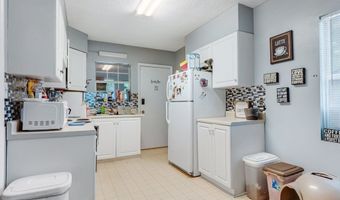 910 Eleventh Ave, Albany, GA 31701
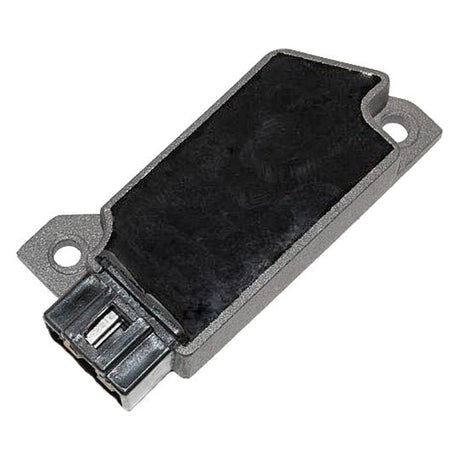 ELECTROSPORT VOLTAGE REGULATOR RECTIFIER (ESR083) - DRIVEN Canada's Powersports 0799804157057ESR083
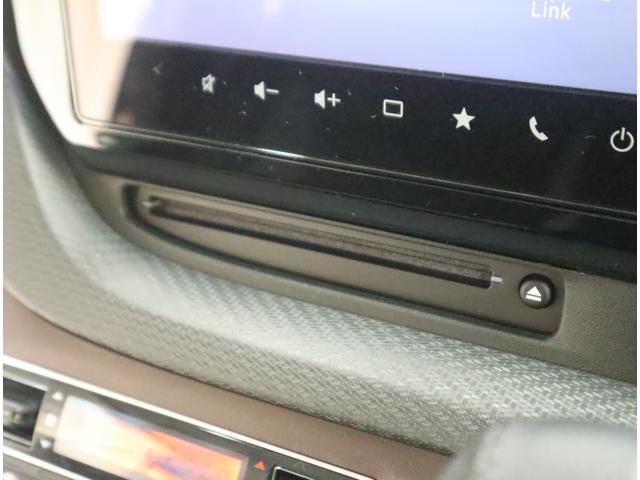 ソリオバンディット バンディット　ＨＹＢＲＩＤ　ＭＶ　車検整備渡し　ナビ・全方位　純正オプションメモリーナビ（ラジオ・ＴＶ・ＣＤ・ＤＶＤ・Ｂｌｕｅｔｏｏｔｈ・ＵＳＢ）　ＥＴＣ　全方位カメラ　前後ドラレコ　前後ブレーキサポート　追従式クルーズコントロール　後席両側電動スライドドア（72枚目）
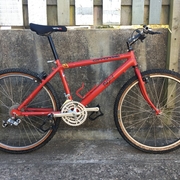 1989.jpg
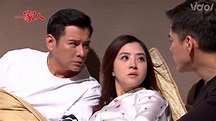 《一家人》 男男激吻完、床上「多元成家」搞3P！？（2017.12.15）＠ 情逢對手☆═─｜PChome 個人新聞台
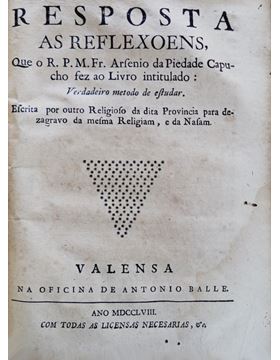 sadacosta-1510jc011_3.jpg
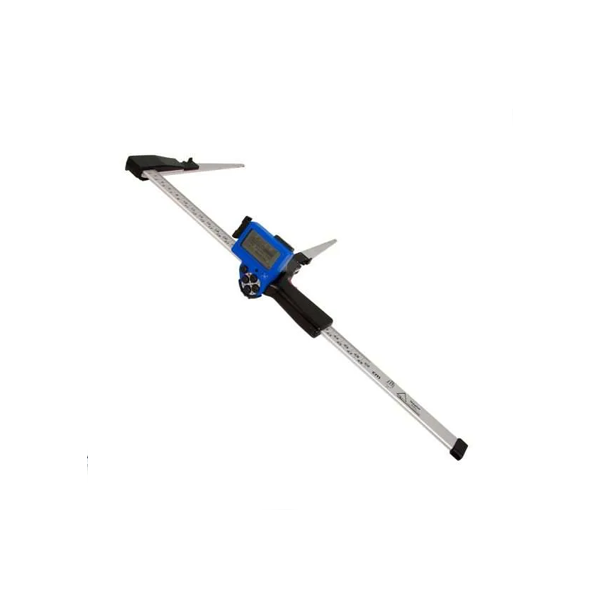 Forcipula De Computadora Haglöf Digitech DP II, 50 cm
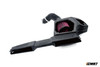 MST Performance Induction Air Intake System Kit Golf MK8 GTI A3 Cupra Formentor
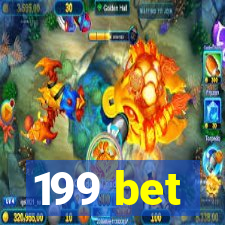 199 bet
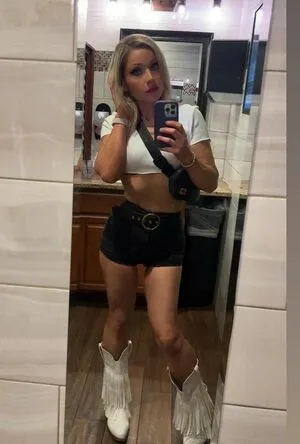 Nicole Dively OnlyFans Leaked Free Thumbnail Picture - #GZ2hiw3HaQ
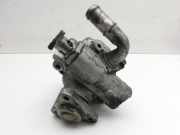 Audi Q7 4L 05-09 TDI 3,0 171KW Servopumpe Lenkhilfepumpe Hydraulikpumpe für Lenkung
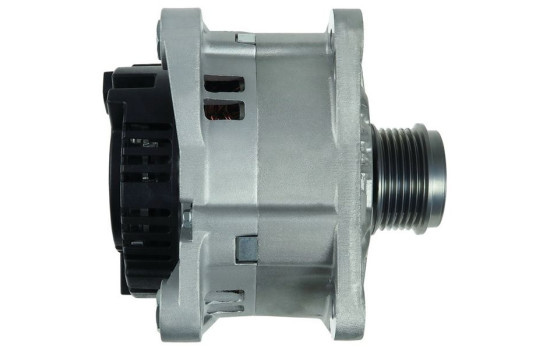 Dynamo / Alternator, Image 2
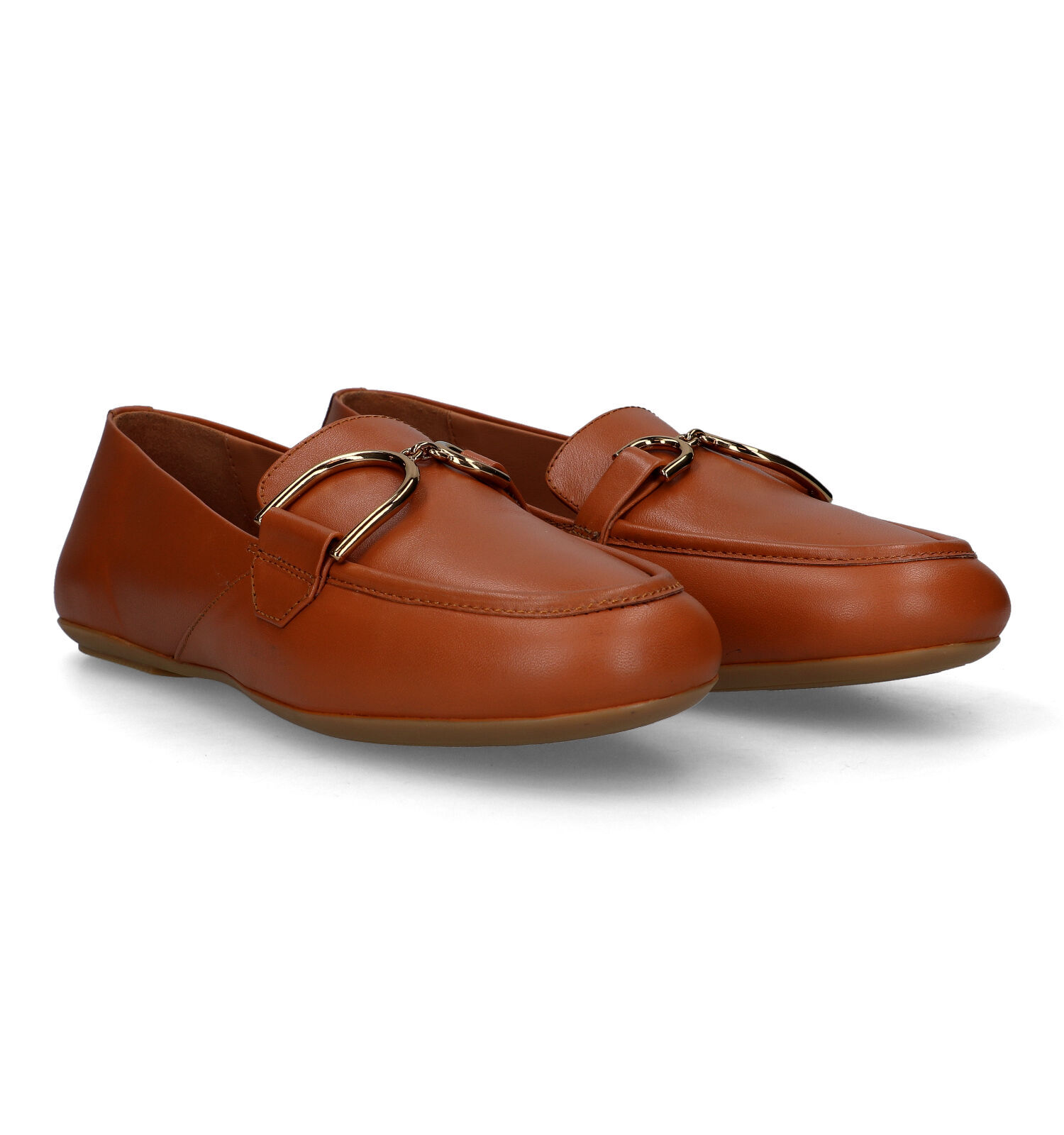 Schoenen geox dames online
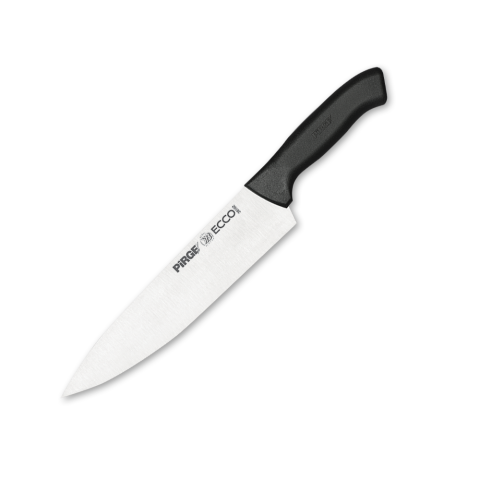 Pirge Ecco Şef Bıçağı 23 cm - 38162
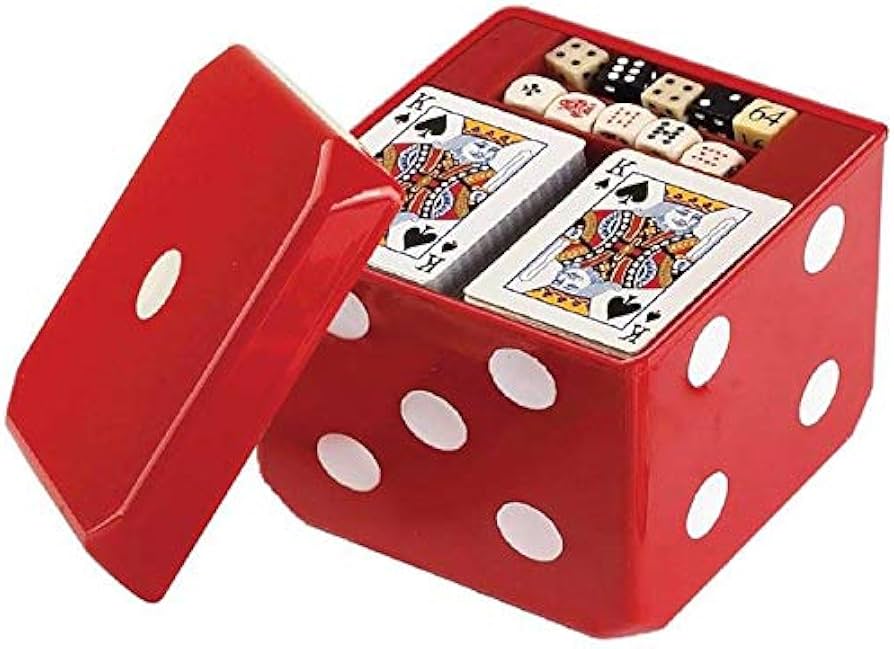 96cash online casino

▶ Problem
Set the entries down exactly, but not the pictures.

▶ Solution to the exercise
 910 Eleventh Ave, Albany, GA 31701
 ELECTROSPORT VOLTAGE REGULATOR RECTIFIER (ESR083) - DRIVEN Canada's Powersports 0799804157057ESR083
 ソリオバンディット バンディット　ＨＹＢＲＩＤ　ＭＶ　車検整備渡し　ナビ・全方位　純正オプションメモリーナビ（ラジオ・ＴＶ・ＣＤ・ＤＶＤ・Ｂｌｕｅｔｏｏｔｈ・ＵＳＢ）　ＥＴＣ　全方位カメラ　前後ドラレコ　前後ブレーキサポート　追従式クルーズコントロール　後席両側電動スライドドア（72枚目）
 1989.jpg
 《一家人》 男男激吻完、床上「多元成家」搞3P！？（2017.12.15）＠ 情逢對手☆═─｜PChome 個人新聞台
 sadacosta-1510jc011_3.jpg
 Forcipula De Computadora Haglöf Digitech DP II, 50 cm
 MST Performance Induction Air Intake System Kit Golf MK8 GTI A3 Cupra Formentor
 199 bet
 Nicole Dively OnlyFans Leaked Free Thumbnail Picture - #GZ2hiw3HaQ
 Audi Q7 4L 05-09 TDI 3,0 171KW Servopumpe Lenkhilfepumpe Hydraulikpumpe für Lenkung
 Dynamo / Alternator, Image 2
 Schoenen geox dames online
 Pirge Ecco Şef Bıçağı 23 cm - 38162
 96cash online casino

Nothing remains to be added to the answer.